* _What to work on_
After finding the line containing "Hello everybody, in" below, please output that line and each following one through the line containing "Cool thing about", exactly as written.

* _Supplied material_
Start of Block

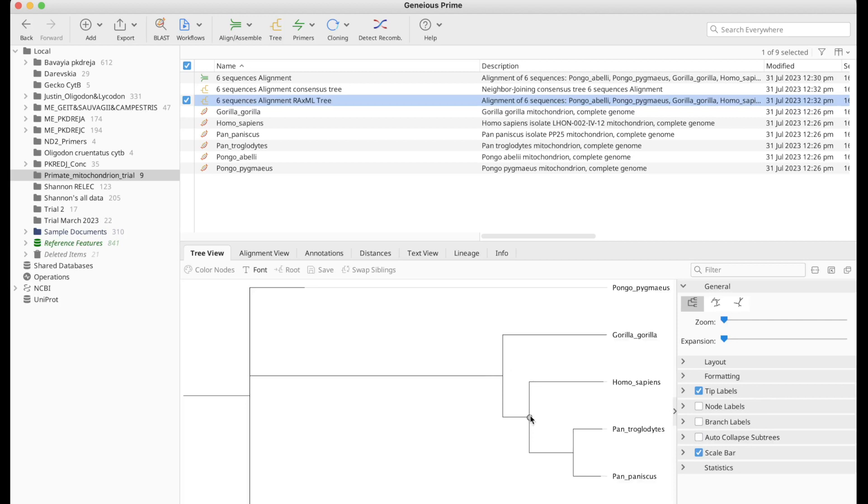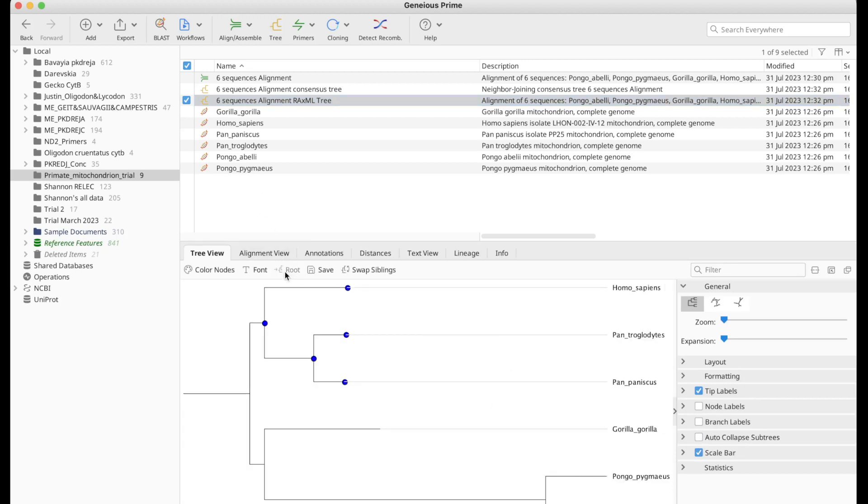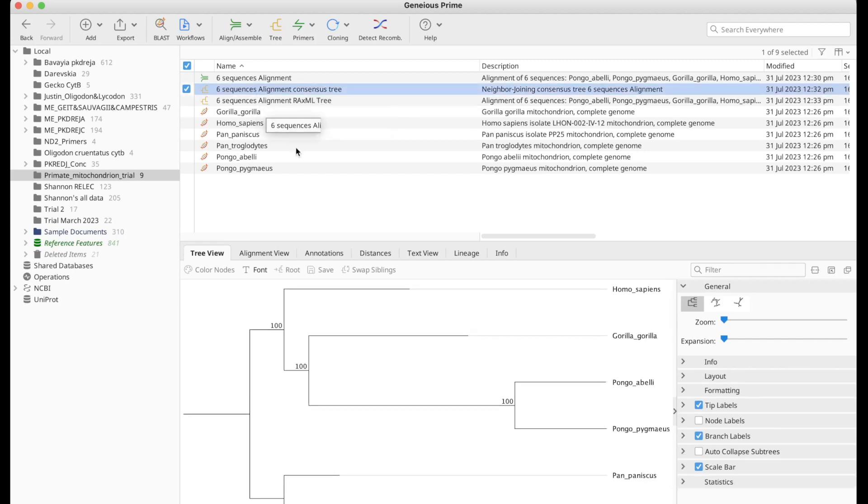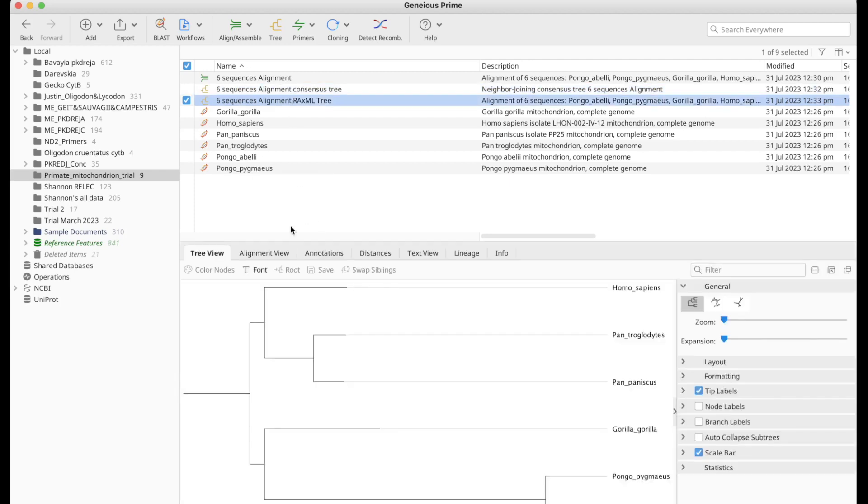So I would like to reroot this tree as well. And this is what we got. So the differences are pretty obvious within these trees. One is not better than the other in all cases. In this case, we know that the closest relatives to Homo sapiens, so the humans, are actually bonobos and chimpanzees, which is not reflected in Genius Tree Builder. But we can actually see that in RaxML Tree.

End of Block
Start of Block

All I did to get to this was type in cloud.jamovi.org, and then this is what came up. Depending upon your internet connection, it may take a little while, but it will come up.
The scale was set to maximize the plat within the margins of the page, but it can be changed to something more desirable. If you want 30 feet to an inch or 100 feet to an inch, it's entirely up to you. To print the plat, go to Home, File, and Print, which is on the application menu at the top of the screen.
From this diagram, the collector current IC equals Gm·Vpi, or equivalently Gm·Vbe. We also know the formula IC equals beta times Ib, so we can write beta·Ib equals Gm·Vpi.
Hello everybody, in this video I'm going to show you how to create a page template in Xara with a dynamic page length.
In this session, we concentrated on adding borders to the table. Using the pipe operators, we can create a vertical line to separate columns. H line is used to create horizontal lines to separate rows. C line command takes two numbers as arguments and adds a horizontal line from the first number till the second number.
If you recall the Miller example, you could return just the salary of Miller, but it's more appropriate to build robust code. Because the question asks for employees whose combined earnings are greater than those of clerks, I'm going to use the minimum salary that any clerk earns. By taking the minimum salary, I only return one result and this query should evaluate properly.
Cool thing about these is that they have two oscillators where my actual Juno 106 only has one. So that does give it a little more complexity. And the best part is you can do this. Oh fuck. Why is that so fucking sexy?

End of Block

* _Task result_
Hello everybody, in this video I'm going to show you how to create a page template in Xara with a dynamic page length.
In this session, we concentrated on adding borders to the table. Using the pipe operators, we can create a vertical line to separate columns. H line is used to create horizontal lines to separate rows. C line command takes two numbers as arguments and adds a horizontal line from the first number till the second number.
If you recall the Miller example, you could return just the salary of Miller, but it's more appropriate to build robust code. Because the question asks for employees whose combined earnings are greater than those of clerks, I'm going to use the minimum salary that any clerk earns. By taking the minimum salary, I only return one result and this query should evaluate properly.
Cool thing about these is that they have two oscillators where my actual Juno 106 only has one. So that does give it a little more complexity. And the best part is you can do this. Oh fuck. Why is that so fucking sexy?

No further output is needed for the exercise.